I recently purchased a book on how to make a hydrogen generator that mentions either gas or diesel. However common sense tells me that a diesel engine requires some sort of lubrication such as cooking oil etc. I have tried to send a email but cannot get an answer. Does anyone out there know if hydrogen will work in a diesel engine without burning the valves out quickly.
2n2222 misunderstands lubrication. Yes, crankcase lubrication is important. But fuel system lubrication is also important, or your injection pump will wear out. Biodiesel and veggie oil have excellent lubricity and will extend the life of your fuel system. Fossil diesel does not - it used to contain sulfur to lubricate fuel system parts, but it no longer does. Thus you should always run a percentage of biodiesel.
The engine could could be thoroughly redesigned. Diesel engines paintings as a results of fact whilst compressed, gasses warmth up. whilst they warmth up sufficient they explode. With the engines of today, the hydrogen could explode way too early and not produce any smart skill. Hydrogen could be run through a gas engine although- much less exchange ought to be achieved.

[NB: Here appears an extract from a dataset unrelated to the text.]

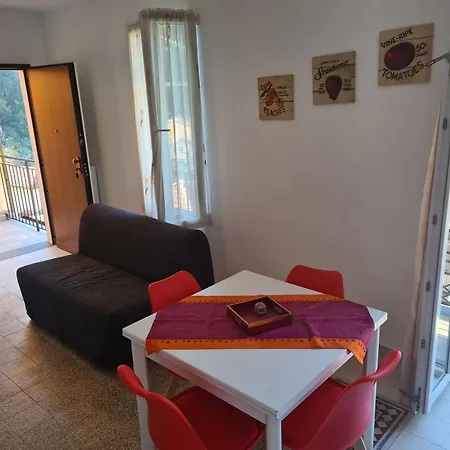Ca De Min Haut De A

BTW, the place will this hydrogen be coming from? maximum hydrogen today comes from organic gasoline, which could be utilized in diesel engines.
I'd suggest that you learn how a diesel works before you damage something. Note that the fuel is only introduced into the combustion chamber at the top of the compression stroke. They do this on purpose, because if any sort of fuel gas was in the cylinder during the compression stroke it would detonate before the piston reached the top of its stroke. This happens frequently enough in a regular gasoline engine to have a name: engine knock, and it wrecks the engine. Note that the 'cooking oil' you speak of is not there to lubricate the engine: it's the fuel. The lubrication is provided by the motor oil in the crankcase, and I do hope you've changed yours lately.